[or-cvs] Commit incomplete howto document with missing bits and inte...

Mon Jul 11 19:10:30 UTC 2005

Update of /home/or/cvsroot/control/doc
In directory moria:/tmp/cvs-serv7756/doc

Added Files:
	howto.txt 
Log Message:
Commit incomplete howto document with missing bits and interface XXXXs

--- NEW FILE: howto.txt ---
$Id: howto.txt,v 1.1 2005/07/11 19:10:28 nickm Exp $

                Interfacing with Tor: Clients and Controllers
   Copyright 2005 Nick Mathewson -- see LICENSE for licensing information

0. About this document

   This document has instructions for writing programs to interface with
   Tor.  You should read it if you want to write a Tor controller, of if you
   want to make your programs work with Tor correctly.

0.1. Further reading

   You should probably have a good idea of what Tor does and how it works;
   see the main Tor documentation for more detail.

   If you want full specifications for the data formats and protocols Tor
   uses, see tor-spec.txt, control-spec.txt, and socks-extensions.txt, all of
   which are included with the Tor distribution.

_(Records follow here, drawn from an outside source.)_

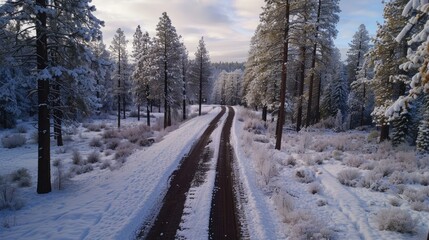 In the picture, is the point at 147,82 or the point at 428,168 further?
the point at 147,82

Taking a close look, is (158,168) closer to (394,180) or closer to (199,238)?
(199,238)

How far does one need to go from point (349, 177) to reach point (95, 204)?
9758 mm

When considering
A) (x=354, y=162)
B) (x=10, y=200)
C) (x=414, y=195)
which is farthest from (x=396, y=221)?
(x=10, y=200)

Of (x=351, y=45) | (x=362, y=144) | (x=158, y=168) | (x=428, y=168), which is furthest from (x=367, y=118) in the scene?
(x=158, y=168)

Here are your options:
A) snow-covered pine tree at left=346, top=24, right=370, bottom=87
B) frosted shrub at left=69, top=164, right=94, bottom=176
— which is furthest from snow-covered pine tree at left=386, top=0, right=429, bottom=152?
snow-covered pine tree at left=346, top=24, right=370, bottom=87

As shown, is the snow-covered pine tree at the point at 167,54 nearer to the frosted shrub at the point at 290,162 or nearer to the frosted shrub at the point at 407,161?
the frosted shrub at the point at 290,162

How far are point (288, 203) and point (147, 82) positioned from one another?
29.7 metres

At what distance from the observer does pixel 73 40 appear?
36.9 ft

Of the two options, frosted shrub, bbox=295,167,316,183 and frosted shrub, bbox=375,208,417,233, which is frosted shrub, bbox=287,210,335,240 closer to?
frosted shrub, bbox=375,208,417,233

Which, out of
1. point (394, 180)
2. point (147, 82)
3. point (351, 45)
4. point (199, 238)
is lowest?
point (199, 238)

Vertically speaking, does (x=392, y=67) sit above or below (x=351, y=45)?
below

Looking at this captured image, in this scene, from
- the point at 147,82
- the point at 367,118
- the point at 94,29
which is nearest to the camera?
the point at 94,29

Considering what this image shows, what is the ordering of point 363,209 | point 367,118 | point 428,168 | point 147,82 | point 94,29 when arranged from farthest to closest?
1. point 367,118
2. point 147,82
3. point 428,168
4. point 94,29
5. point 363,209

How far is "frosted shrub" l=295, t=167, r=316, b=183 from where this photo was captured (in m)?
12.2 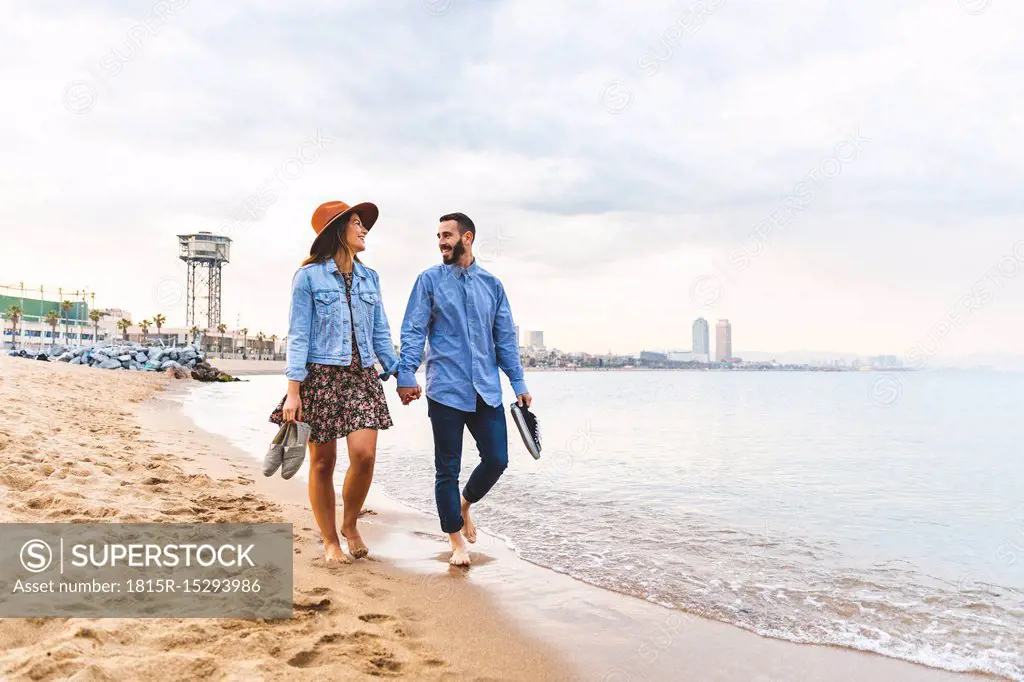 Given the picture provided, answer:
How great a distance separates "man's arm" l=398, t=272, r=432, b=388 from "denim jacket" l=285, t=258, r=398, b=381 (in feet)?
0.24

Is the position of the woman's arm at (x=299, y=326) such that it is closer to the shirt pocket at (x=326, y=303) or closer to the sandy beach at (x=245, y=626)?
the shirt pocket at (x=326, y=303)

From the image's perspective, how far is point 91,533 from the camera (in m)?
3.62

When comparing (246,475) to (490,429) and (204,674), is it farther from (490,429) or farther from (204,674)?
(204,674)

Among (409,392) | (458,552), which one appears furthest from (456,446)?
(458,552)

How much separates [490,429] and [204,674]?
2289 millimetres

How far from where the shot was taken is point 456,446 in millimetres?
4230

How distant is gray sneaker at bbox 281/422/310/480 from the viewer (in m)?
3.77

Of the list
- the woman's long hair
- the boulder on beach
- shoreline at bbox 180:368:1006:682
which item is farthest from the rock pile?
shoreline at bbox 180:368:1006:682

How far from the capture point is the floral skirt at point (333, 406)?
13.1 feet

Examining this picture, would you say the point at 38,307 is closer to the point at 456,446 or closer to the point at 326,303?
the point at 326,303

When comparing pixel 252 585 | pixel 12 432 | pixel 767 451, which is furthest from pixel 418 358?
pixel 767 451

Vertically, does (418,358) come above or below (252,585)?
above

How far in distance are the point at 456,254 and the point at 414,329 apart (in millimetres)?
553

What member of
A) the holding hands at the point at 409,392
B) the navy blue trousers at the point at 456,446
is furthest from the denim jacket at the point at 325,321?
the navy blue trousers at the point at 456,446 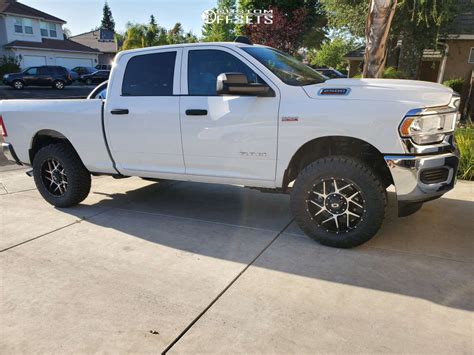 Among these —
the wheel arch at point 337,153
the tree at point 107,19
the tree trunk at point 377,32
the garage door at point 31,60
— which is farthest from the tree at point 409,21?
the tree at point 107,19

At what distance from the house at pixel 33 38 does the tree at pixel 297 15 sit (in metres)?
21.1

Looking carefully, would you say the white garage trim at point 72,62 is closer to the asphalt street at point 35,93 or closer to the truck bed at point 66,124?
the asphalt street at point 35,93

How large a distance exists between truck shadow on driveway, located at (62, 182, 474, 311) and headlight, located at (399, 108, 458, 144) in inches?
44.9

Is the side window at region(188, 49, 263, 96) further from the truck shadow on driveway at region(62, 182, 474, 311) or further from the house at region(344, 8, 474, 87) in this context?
the house at region(344, 8, 474, 87)

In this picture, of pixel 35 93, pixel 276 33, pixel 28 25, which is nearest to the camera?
pixel 276 33

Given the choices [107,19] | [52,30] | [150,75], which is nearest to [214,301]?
[150,75]

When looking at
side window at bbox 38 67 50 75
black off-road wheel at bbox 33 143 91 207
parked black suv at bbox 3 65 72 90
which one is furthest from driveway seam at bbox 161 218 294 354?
side window at bbox 38 67 50 75

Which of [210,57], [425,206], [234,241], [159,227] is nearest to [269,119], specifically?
[210,57]

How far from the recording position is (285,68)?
4426 millimetres

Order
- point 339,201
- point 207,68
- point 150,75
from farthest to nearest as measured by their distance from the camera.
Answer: point 150,75 → point 207,68 → point 339,201

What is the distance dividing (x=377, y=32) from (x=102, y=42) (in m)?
53.2

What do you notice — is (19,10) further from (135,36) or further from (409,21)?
(409,21)

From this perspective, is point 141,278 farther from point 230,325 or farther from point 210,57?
point 210,57

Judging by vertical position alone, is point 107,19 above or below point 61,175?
above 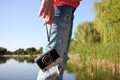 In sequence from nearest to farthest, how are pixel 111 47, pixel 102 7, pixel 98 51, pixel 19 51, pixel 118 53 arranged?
pixel 118 53 < pixel 111 47 < pixel 98 51 < pixel 102 7 < pixel 19 51

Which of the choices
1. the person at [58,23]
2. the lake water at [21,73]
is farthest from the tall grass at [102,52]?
the person at [58,23]

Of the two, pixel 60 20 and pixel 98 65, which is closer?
pixel 60 20

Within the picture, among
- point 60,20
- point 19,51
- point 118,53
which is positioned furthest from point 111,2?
point 19,51

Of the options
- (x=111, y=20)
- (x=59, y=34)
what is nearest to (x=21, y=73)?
(x=111, y=20)

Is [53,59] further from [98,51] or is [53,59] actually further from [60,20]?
[98,51]

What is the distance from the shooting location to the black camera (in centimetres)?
174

1. Making a program use Tor

   Suppose you have a simple network application, and you want that
   application to send its traffic over Tor.  This is pretty simple to do:
   here's how.

     - Make sure your protocol is stream based.  If you're using TCP, you're
       fine; if you're using UDP or another non-TCP protocol, Tor can't cope
       right now.

     - Make sure that connections are unidirectional.  That is, make sure
       that your protocol can run with one host (the 'originating host' or
       'client') originating all the connections to the other (the
       'responding host' or 'server').  If the responding host has to open
       TCP connections back to the originating host, it won't be able to do
       so when the originating host is anonymous.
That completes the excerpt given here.